From a media release:

Global announces Canadian icon William Shatner among list of guest stars joining season 2 of hit series Private Eyes

  • Additional Guest Stars Include ET Canada’s Sangita Patel, Race Car Driver James Hinchcliffe, Fashion Entrepreneur Jeanne Beker, Fashion Designer Stephan Caras, and Actor Anthony Lemke
  • Last Summer’s #1 New Series Returns to Global Spring 2017

Global is thrilled to announce award-winning Canadian actor, director, and writer William Shatner will guest star on an episode of original hit series Private Eyes. With a second season returning this spring, Shatner joins series stars Jason Priestley and Cindy Sampson, and will play a P.I. and old nemesis of Angie Everett (Sampson).

Global’s detective drama also welcomes additional notable Canadian personalities including ET Canada’s very own Sangita Patel, renowned race car driver James “Hinch” Hinchcliffe, media personality and fashion entrepreneur Jeanne Beker, top fashion designer Stephan Caras, and Canadian actor Anthony Lemke.
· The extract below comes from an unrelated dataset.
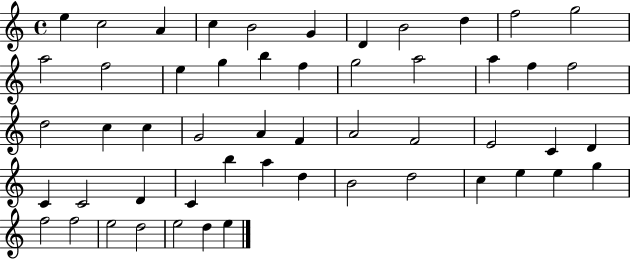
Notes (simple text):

E5/q C5/h A4/q C5/q B4/h G4/q D4/q B4/h D5/q F5/h G5/h A5/h F5/h E5/q G5/q B5/q F5/q G5/h A5/h A5/q F5/q F5/h D5/h C5/q C5/q G4/h A4/q F4/q A4/h F4/h E4/h C4/q D4/q C4/q C4/h D4/q C4/q B5/q A5/q D5/q B4/h D5/h C5/q E5/q E5/q G5/q F5/h F5/h E5/h D5/h E5/h D5/q E5/q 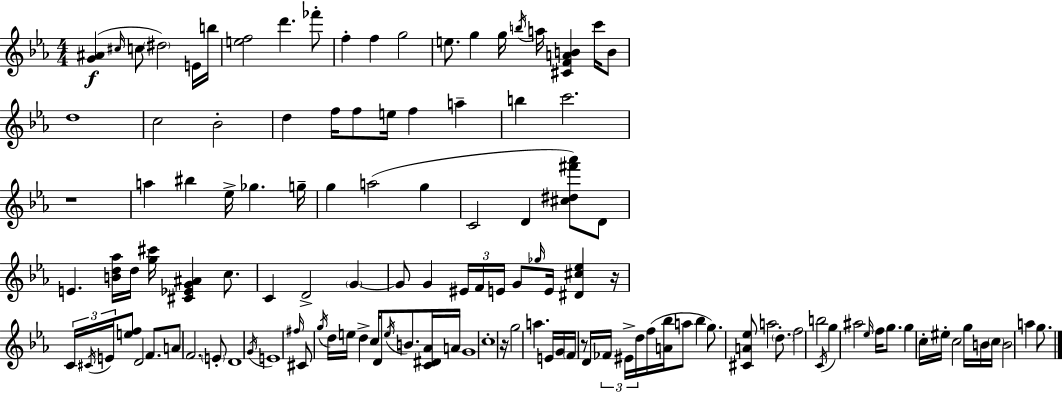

With an exciting 18-episode order, Season 2 picks up with Shade now Angie’s full partner in Everett Investigations, but are the two of them really ready for what that means? Team player Shade has grand plans to “grow the agency” – but lone wolf Angie’s used to things the way they are. Can these two ever reconcile their differences to succeed as a duo?

One thing’s clear: their contrasting skillsets yield results when it comes to solving cases. As their success grows, the cases that come their way get even bigger and more sophisticated, plunging them into the diverse worlds of auto racing, real estate, high fashion, and private school privilege. For all their bickering and disagreements, there’s no substitute for the adrenaline rush of taking down a bad guy or helping an innocent victim. And through it all, there’s the undeniable chemistry between the two – something they must acknowledge sooner or later.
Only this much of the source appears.